Shell Nigeria Exploration and Production Company Limited (SNEPCo) has achieved a significant milestone as its Bonga field, Nigeria’s first deep-water development, hit a record high production of 138,000 barrels per day in 2023.

This represents a substantial increase when compared to 101,000 barrels per day produced in the previous year.

The improvement in production is attributed to various factors, including the drilling of new wells, reservoir optimization, enhanced facility management, and overall asset management strategies.

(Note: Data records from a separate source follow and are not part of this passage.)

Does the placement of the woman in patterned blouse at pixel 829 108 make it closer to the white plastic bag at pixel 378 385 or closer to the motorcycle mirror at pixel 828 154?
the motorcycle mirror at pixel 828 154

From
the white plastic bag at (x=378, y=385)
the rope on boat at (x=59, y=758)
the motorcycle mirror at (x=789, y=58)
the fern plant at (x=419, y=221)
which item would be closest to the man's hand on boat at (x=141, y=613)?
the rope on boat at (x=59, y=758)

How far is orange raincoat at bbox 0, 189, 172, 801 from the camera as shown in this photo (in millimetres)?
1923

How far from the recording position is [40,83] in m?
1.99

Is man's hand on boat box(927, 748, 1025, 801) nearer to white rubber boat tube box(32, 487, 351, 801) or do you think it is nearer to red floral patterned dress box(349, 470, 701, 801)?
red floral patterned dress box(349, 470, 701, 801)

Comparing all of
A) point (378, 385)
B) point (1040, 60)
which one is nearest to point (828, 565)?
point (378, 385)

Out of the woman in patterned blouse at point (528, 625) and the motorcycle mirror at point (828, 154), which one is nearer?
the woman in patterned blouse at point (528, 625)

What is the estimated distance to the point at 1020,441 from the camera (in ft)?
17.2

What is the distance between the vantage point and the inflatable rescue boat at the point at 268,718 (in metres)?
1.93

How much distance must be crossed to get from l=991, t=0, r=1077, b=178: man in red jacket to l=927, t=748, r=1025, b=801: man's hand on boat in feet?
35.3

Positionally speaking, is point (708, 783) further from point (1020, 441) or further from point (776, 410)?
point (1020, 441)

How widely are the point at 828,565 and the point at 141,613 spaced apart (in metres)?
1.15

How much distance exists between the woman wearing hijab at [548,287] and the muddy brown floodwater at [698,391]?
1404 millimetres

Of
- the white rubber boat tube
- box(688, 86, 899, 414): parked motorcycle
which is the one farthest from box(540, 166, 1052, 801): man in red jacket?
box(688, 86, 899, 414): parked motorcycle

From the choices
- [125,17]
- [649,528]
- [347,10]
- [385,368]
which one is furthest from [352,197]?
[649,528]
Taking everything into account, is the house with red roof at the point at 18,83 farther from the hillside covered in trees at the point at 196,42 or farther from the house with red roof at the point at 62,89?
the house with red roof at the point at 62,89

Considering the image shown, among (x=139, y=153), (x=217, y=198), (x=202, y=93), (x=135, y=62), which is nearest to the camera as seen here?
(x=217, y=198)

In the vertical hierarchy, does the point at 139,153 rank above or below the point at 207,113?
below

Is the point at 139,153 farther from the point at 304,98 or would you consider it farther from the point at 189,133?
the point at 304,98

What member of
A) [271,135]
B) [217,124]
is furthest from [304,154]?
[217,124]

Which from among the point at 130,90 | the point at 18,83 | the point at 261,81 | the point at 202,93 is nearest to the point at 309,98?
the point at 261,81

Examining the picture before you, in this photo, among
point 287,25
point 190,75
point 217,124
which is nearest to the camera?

Elohor Aiboni, Managing Director of SNEPCo, expressed pride in Bonga’s performance, stating that the increased production underscores the commitment of the company’s staff and its continuous efforts to enhance production processes and maintenance.

Aiboni also acknowledged the support of the Nigerian National Petroleum Company Limited and SNEPCo’s co-venture partners, including TotalEnergies Nigeria Limited, Nigerian Agip Exploration, and Esso Exploration and Production Nigeria Limited.

The Bonga field, which commenced production in November 2005, operates through the Bonga Floating Production Storage and Offloading (FPSO) vessel, with a capacity of 225,000 barrels per day.

Located 120 kilometers offshore, the FPSO has been a key contributor to Nigeria’s oil production since its inception.

Last year, the Bonga FPSO reached a significant milestone by exporting its 1-billionth barrel of oil, further cementing its position as a vital asset in Nigeria’s oil and gas sector.